"Session Crashed for Unknown Reason" in beam_evaluate_sentence() networks_seq2seq_nmt.ipynb
See original GitHub issueSystem information
- OS Platform and Distribution (e.g., Linux Ubuntu 16.04): colab instance
- TensorFlow version and how it was installed (source or binary): TF 2.4.0 from colab
- TensorFlow-Addons version and how it was installed (source or binary): pip install tensorflow-addons==0.12.0
- Python version: 3.6.9
- Is GPU used? (yes/no): yes
Describe the bug Got notebook error “Session crashed for unknown reason” when executing cell calling beam_evaluate_sentence(). This code is from docs/tutorials/networks_seq2seq_nmt.ipynb.
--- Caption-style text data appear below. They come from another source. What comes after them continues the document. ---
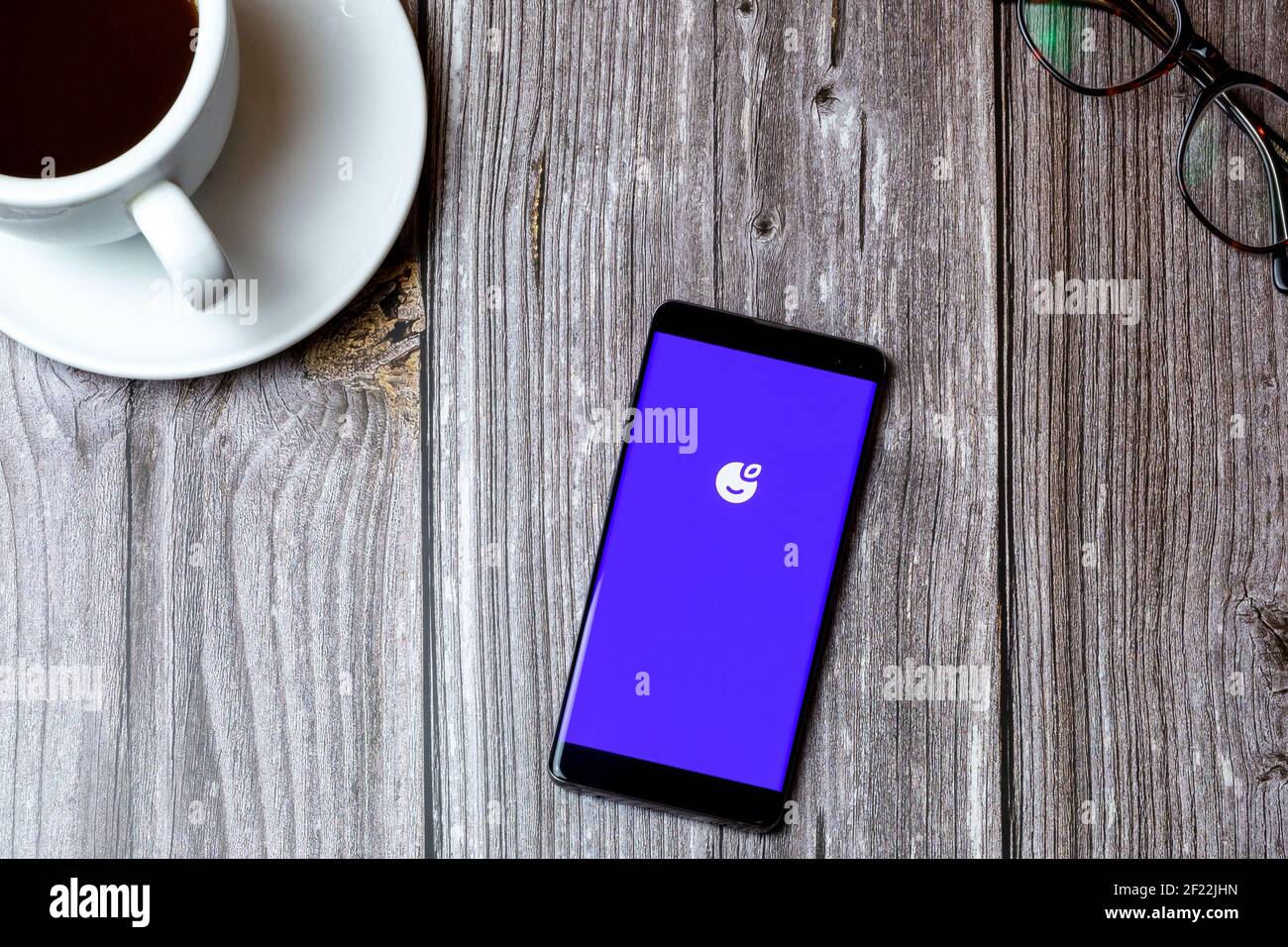 Ein Handy oder Handy auf einem Holz gelegt Tabelle mit der Plum saving App auf dem Bildschirm als nächstes geöffnet Zu einem Kaffee Stockfoto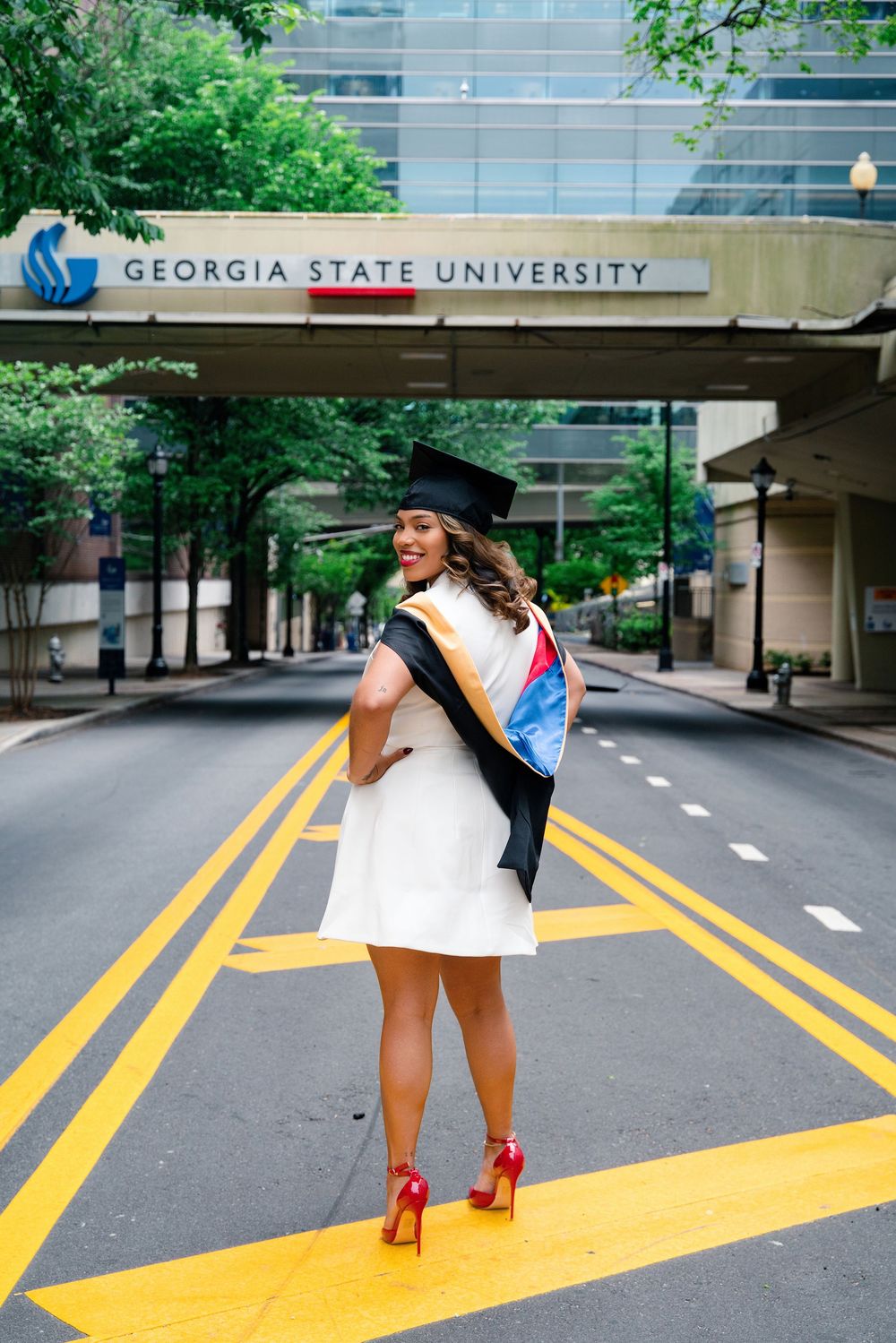 Georgia State University graduate in cap and gown poses on yellow crosswalk lines in white dress and red heels.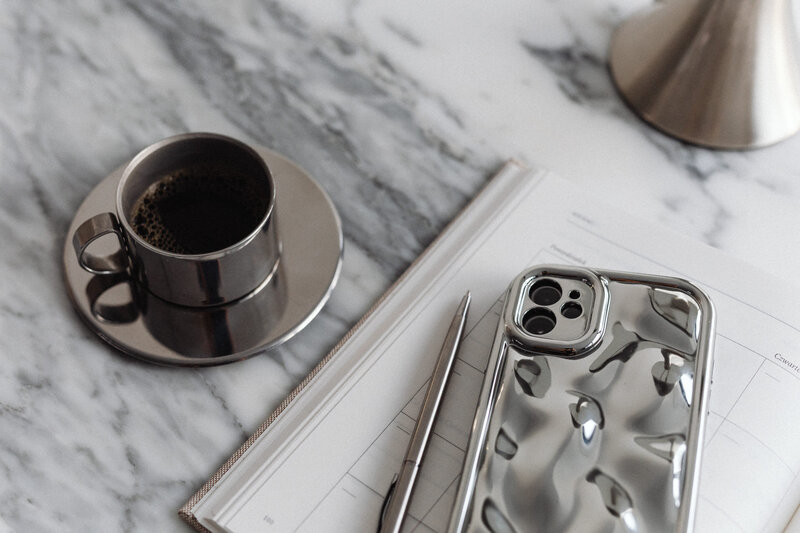 kaboompics_metal-desk-lamp-coffee-in-a-steel-cup-calendar-arabescato-marble-silver-phone-case-34135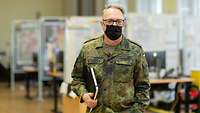 Ein Soldat mit Mund-Nasen-Schutzmaske im Porträt, im Hintrgrund Schreibtische und Whiteboards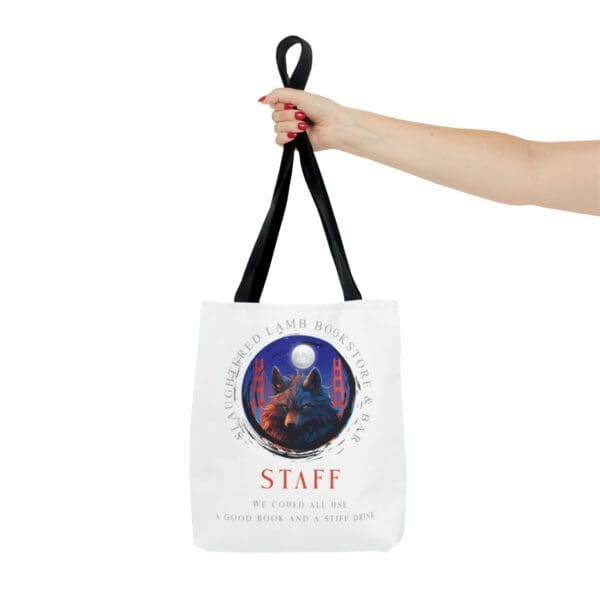 A hand holding a bag with the word staff on it.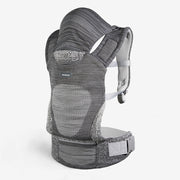 Grey knit baby carrier with hood, front pouch, and adjustable shoulder straps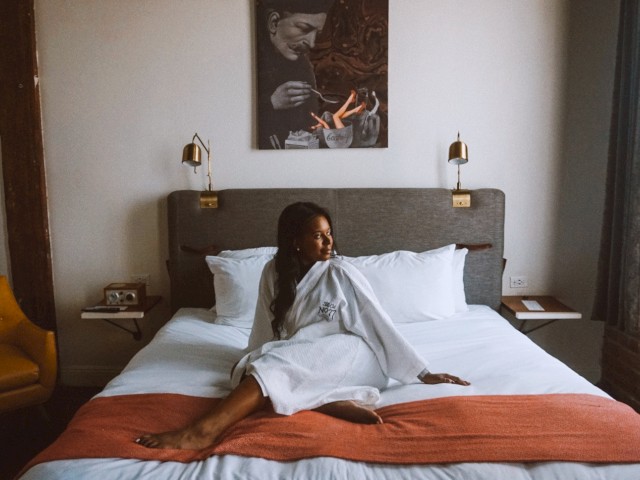 A woman wrapped in a towel sits on a bed with white linens and an orange throw, in a cozy room with modern decor and soft lighting.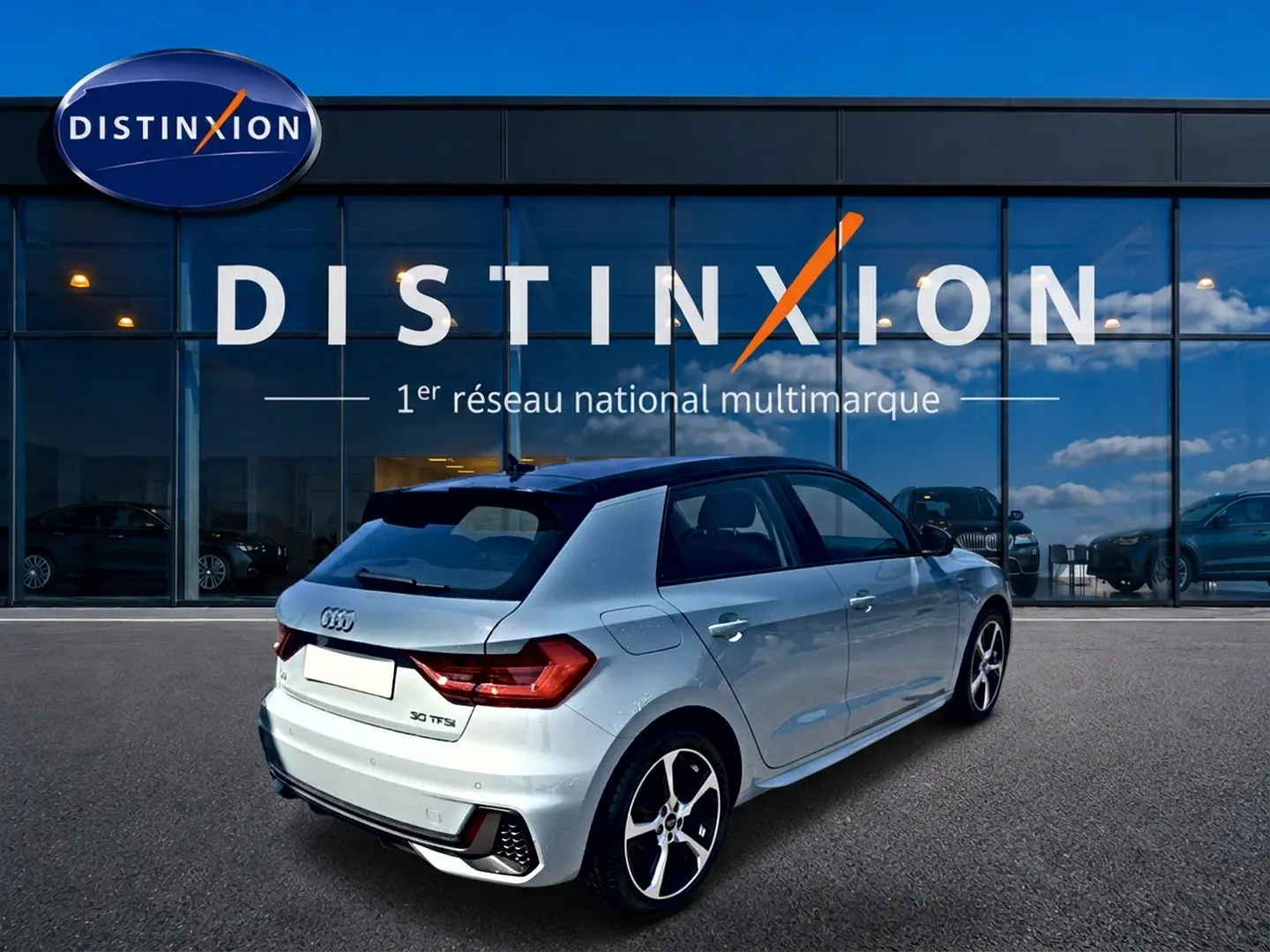 Audi A1 Sportback 30 TFSI gris arrow avec toit noir, vue 3/4 arrière mettant en valeur le becquet et les jantes alu.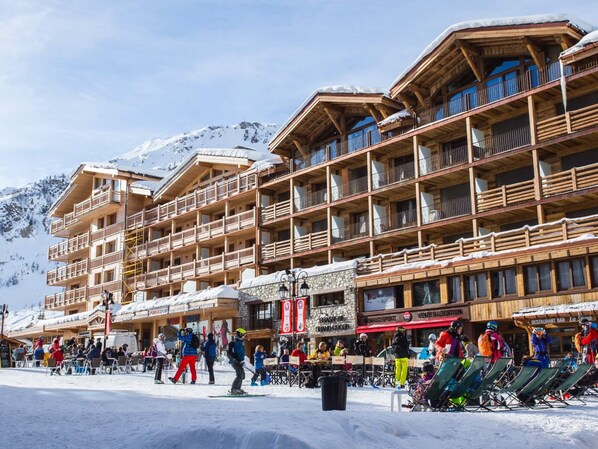 A multi-story wooden building with balconies, ski equipment, and a snow-covered mountain in the background.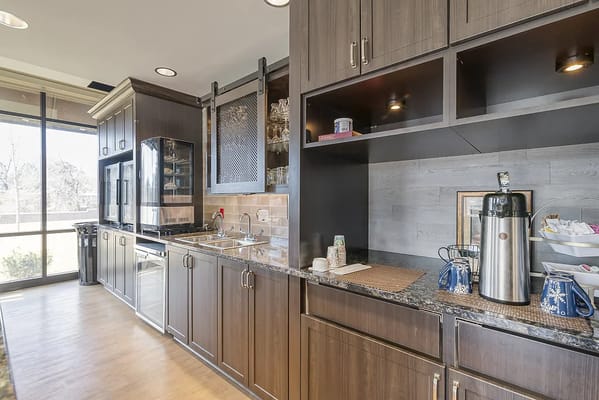 Interior kitchen area with modern cabinetry and appliances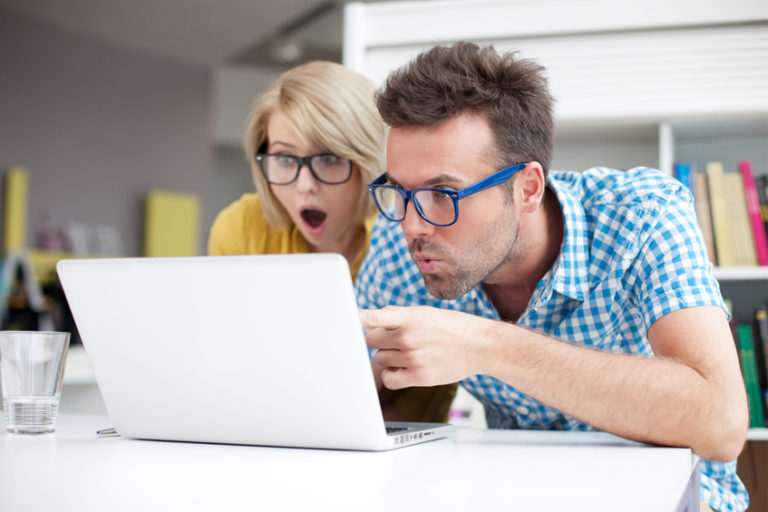 Two surprised students learning in library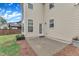 Concrete patio with a brick border outside the back of a vinyl sided house and lush green lawn at 3449 S Beaver Ln, Raleigh, NC 27604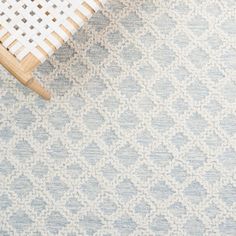 a white chair sitting on top of a wooden floor next to a rug covered in blue and white patterns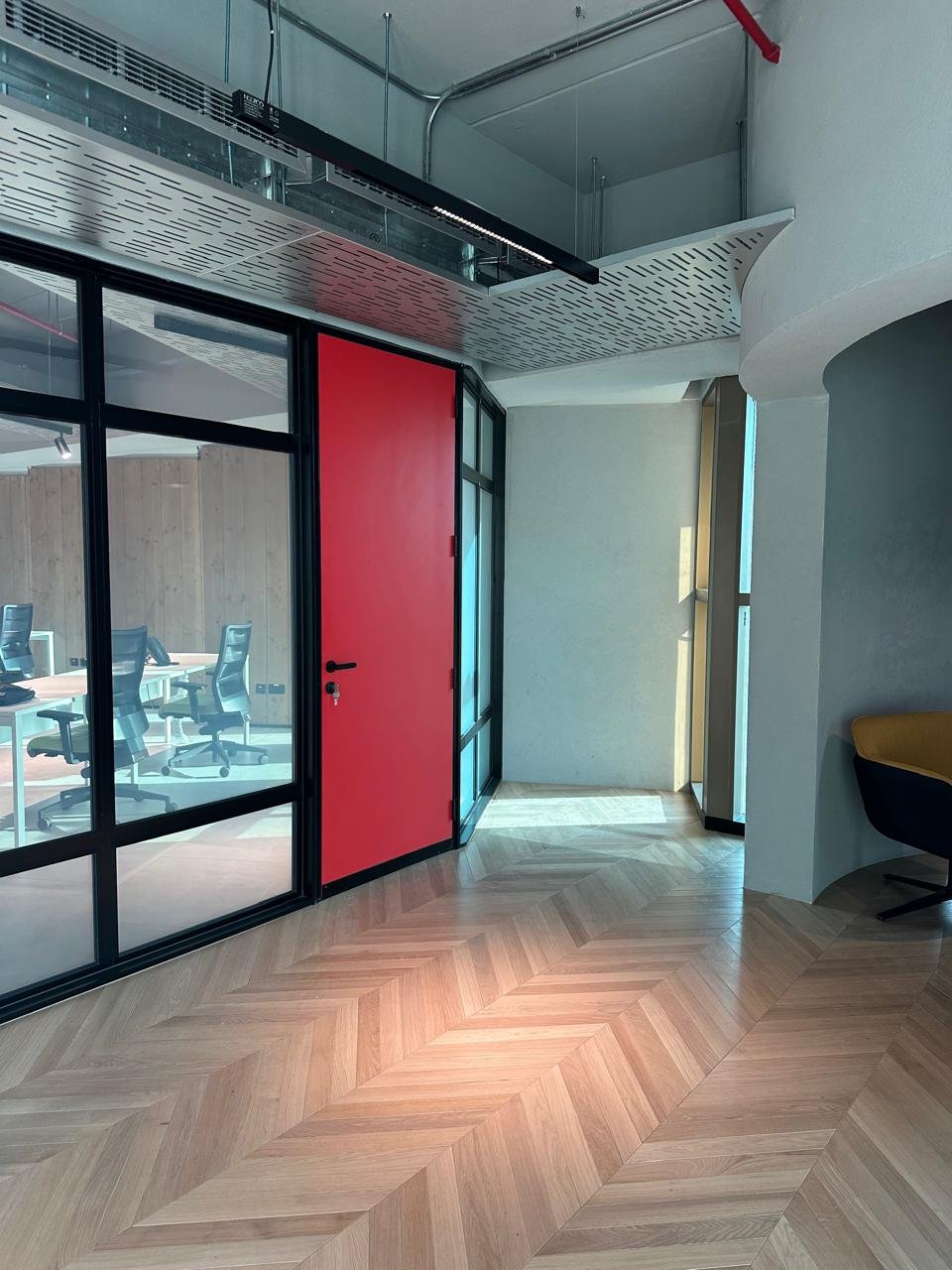 Modern office interior with a glass wall, a red door, wooden herringbone flooring, and a sitting area with a yellow and black chair.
The notebook worked fine for tfa v0.11.2 but it now crashes with TF 2.4.0 paired with v0.12.0
Code to reproduce the issue
def beam_evaluate_sentence(sentence, beam_width=3):
sentence = dataset_creator.preprocess_sentence(sentence)
inputs = [inp_lang.word_index[i] for i in sentence.split(' ')]
inputs = tf.keras.preprocessing.sequence.pad_sequences([inputs],
maxlen=max_length_input,
padding='post')
inputs = tf.convert_to_tensor(inputs)
inference_batch_size = inputs.shape[0]
result = ''
enc_start_state = [tf.zeros((inference_batch_size, units)), tf.zeros((inference_batch_size,units))]
enc_out, enc_h, enc_c = encoder(inputs, enc_start_state)
dec_h = enc_h
dec_c = enc_c
start_tokens = tf.fill([inference_batch_size], targ_lang.word_index['<start>'])
end_token = targ_lang.word_index['<end>']
# From official documentation
# NOTE If you are using the BeamSearchDecoder with a cell wrapped in AttentionWrapper, then you must ensure that:
# The encoder output has been tiled to beam_width via tfa.seq2seq.tile_batch (NOT tf.tile).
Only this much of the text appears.